Perhaps it has something to do with the fact that they can be scribbled over. Or perhaps in the spirit of competitiveness a long list tells others what an important person one is.

“Look at my list, it’s longer than a baby’s arm.” A long list furiously scratched out implies a full and meaningful life. Essentially I am a lazy person so the thought of a list floating about full of chores I will never do fills me with a sense of dread akin to that felt by a parachutist who has forgotten his parachute.

Why on earth would I want a reminder of all the ‘stuff’ I never get round to doing?
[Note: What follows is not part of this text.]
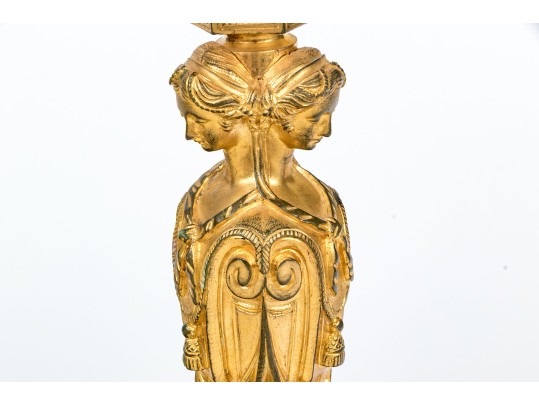 Louis XVI Style Gilt Bronze Figural Vestal Virgins Candlesticks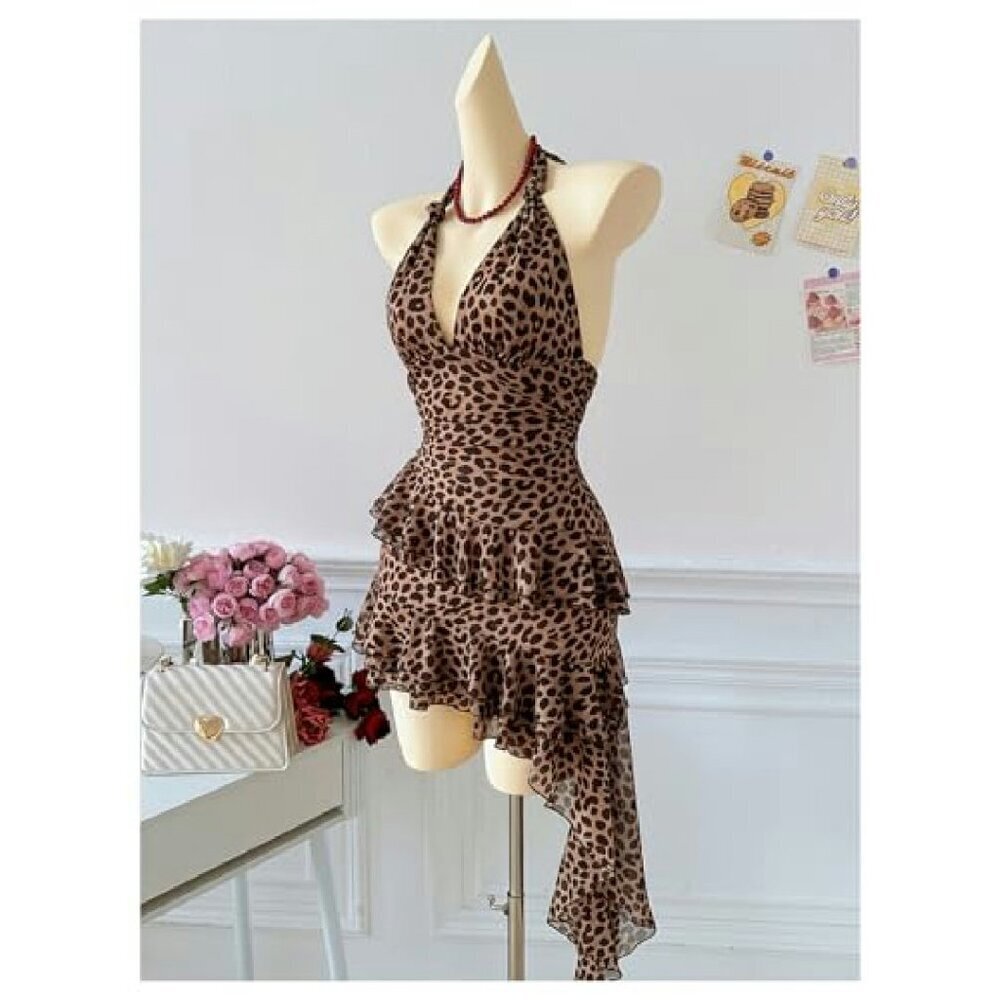 Mesh Mini Dress Halter Backless Ruffle Fairy Y2K Party - Picture 3 of 8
Such as washing the floor, defrosting the fridge or finishing my novel.

I don’t need a list to remind me that the fridge needs defrosting what I actually need is for someone to grab me by my boot straps and throw me bodily at the appliance until I’ve either been knocked unconscious or begun the process of defrosting.

I love the enthusiastic optimism of a list of Pros and Cons.

It makes me snigger wickedly when I write one; because I know I will cheat and do what I had already decided to do before removing the cap from the biro. It says something about a person when they can cheat on their own list of pros and cons, but let’s be honest here, we all do it.

Can you imagine Napoleon’s list before the Crimean War:
1. Wear bigger boots
2. Check weather
3. Kit soldiers out with top of range cold weather gear.

Somewhere along the way Napoleon’s plan of world domination floated loose from its Tricolour magnet and got stuck behind the fridge (where it now sits with all my lists).
If Napoleon had been an obsessive list maker and checker we would now be eating snails and speaking French while smoking strong cigarettes and crying over a glass of Anis in a vaguely sexy, intellectual sort of way (and in Black and White).

There are lists one would love to be included on (10 most sexy, Fortune 500, George Clooney’s girlfriends) and those we do not wish to be included on (10 most wanted).

Of course there are worthy lists, such as Schindler’s and the list of children bound for the Kinder Transport.

The Red Cross regularly keeps lists of refugees in order for them to be reunited with their families. There are sad lists such as those for the victims of disasters and lists of the fallen.

So, not all lists are a waste of time. To close, and to lighten the mood, here is my list for the following week:

1. Watch TV until my eyes bleed and I lose the use of my legs.
2. Think about defrosting the fridge
3. Drink Cava and eat lots of chocolate
4. Throw a cushion at my son and order him to make me a cup of tea, ham sandwich or open another bottle of Cava.
5. Stop thinking about defrosting the fridge.
Now, even I can manage that list…unless of course I lose it.